De hecho, Jovellanos será uno de los principales representantes en la Junta Central del Reino, junto al Marqués de Camposagrado, de la Junta Suprema de Asturias, proclamada el 25 de mayo de 1808 en nombre de Fernando VII, secuestrado por Napoleón en Bayona, la primera en constituirse como gobierno español de todas aquellas juntas provinciales que, reasumiendo la soberanía secuestrada y según los principios de la democracia cristiana de la «atrasada» escolástica, constituían un principio de acción incomprensible para la «moderna» Francia. Jovellanos inspirará asimismo a personajes como Argüelles o el Conde de Toreno, y sus ideas serán fuente de inspiración en los denominados liberales frente a los serviles (recuperando la vieja distinción escolástica entre artes liberales y artes serviles) de las Cortes de Cádiz, donde tendrá lugar en 1812 la primera Constitución de la Nación Española, que reconoce la soberanía en la Nación de ciudadanos iguales ante la ley y reduce el poder del Rey a jefe de estado, incapaz de enajenar el territorio español a su antojo. En la Constitución de 1812 dice su art. 172: «No puede el Rey ena­jenar, ceder o permutar provincia, ciudad, villa o lugar, ni parte alguna, por pequeña que sea, del territorio español».

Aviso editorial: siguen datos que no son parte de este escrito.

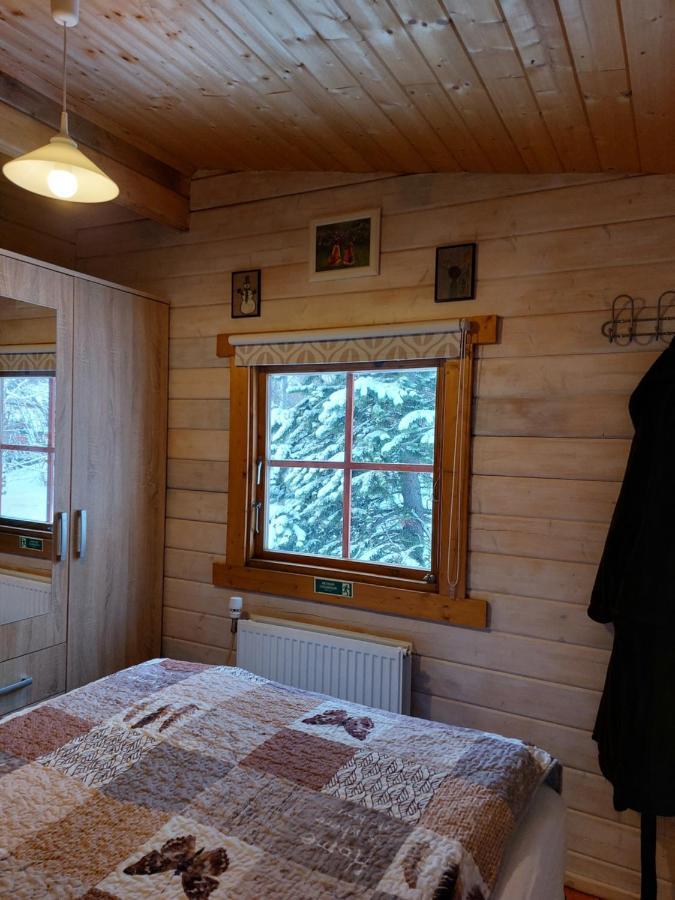 Bakkakot 1 - Cozy Cabins In The Woods アークレイリ エクステリア 写真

Jovellanos, partiendo de una nación histórica constituida, pero opuesta a su sometimiento a potencias extranjeras, señala que la legitimidad debía surgir de sus instituciones tradicionales: de ahí la importancia de la figura de la Corona, aunque siempre incapacitada para enajenar el Estado en su beneficio. Asimismo, la contraposición frente a posiciones del Antiguo Régimen se hace patente en su correspondencia con Lord Holland, parlamentario inglés del partido whig. Pese a la presunta anglofilia de los liberales españoles, Jovellanos, al cartearse con Holland, señala la importancia de la base de las Partidas de Alfonso X el Sabio, suprimiendo la monarquía absolutista y colocando en su lugar un nuevo poder legislativo mucho más fuerte que a su vez no deje atribuciones gubernativas al monarca (Silverio Sánchez Corredera, Jovellanos y el jovellanismo, una perspectiva filosófica, págs. 192-193).

No sólo la revolución producida en España con la Constitución de Cádiz es mucho más fuerte que la Gloriosa inglesa de 1688, al no poder enajenar el rey el territorio nacional y ser las cortes las que ostentan el poder (de hecho, Wellington llegó a decir que la Constitución de Cádiz era parecida a la Constitución francesa de 1791). Es más, serán los propios whigs quienes se declaren varias décadas después como liberales (Gustavo Bueno, El mito de la izquierda, págs. 180-181), asimilando la experiencia española, y no antes. Es en España, país católico, donde se funda el liberalismo político, y no en un país anglosajón, en contra de lo que suele defenderse en muchos cenáculos hoy día.

Jovellanos sería así un precedente e influencia en el liberalismo de Cádiz y del Trienio Liberal (1820-1823), que desde bases escolásticas encarnaba la forma política más avanzada del momento, eliminado por el retraso histórico y el oscurantismo que suponía del absolutismo imperante en el resto de Europa, encarnado en la Santa Alianza y los Cien Mil Hijos de San Luis. Liberalismo que tuvo una gran influencia al estar asentada en un Imperio universal como fue el Imperio Español, lo que favoreció su expansión por toda América y su contagio en otros imperios rivales, como la citada Inglaterra. Asimismo, bajo su influjo, surge el nacionalismo español como superación del Antiguo Régimen, que a pesar de sus triunfos parciales irá dejando huella en la sociedad española: en la Constitución de 1876, la de la Restauración Borbónica tras la accidentada I República, el art. 55 disponía que «El Rey necesita estar autorizado por una ley especial: Primero, para enajenar, ceder o permutar cualquiera parte del territorio español.[...]».

Jovellanos queda así caracterizado como figura de la Historia de España de primer orden, pero alejado de los tópicos que hacen de él una suerte de ilustrado que «se atrevió a pensar» en un país atrasado y bárbaro, así como de un mero regionalista que simplemente quería hacer avanzar a su patria chica dentro de España.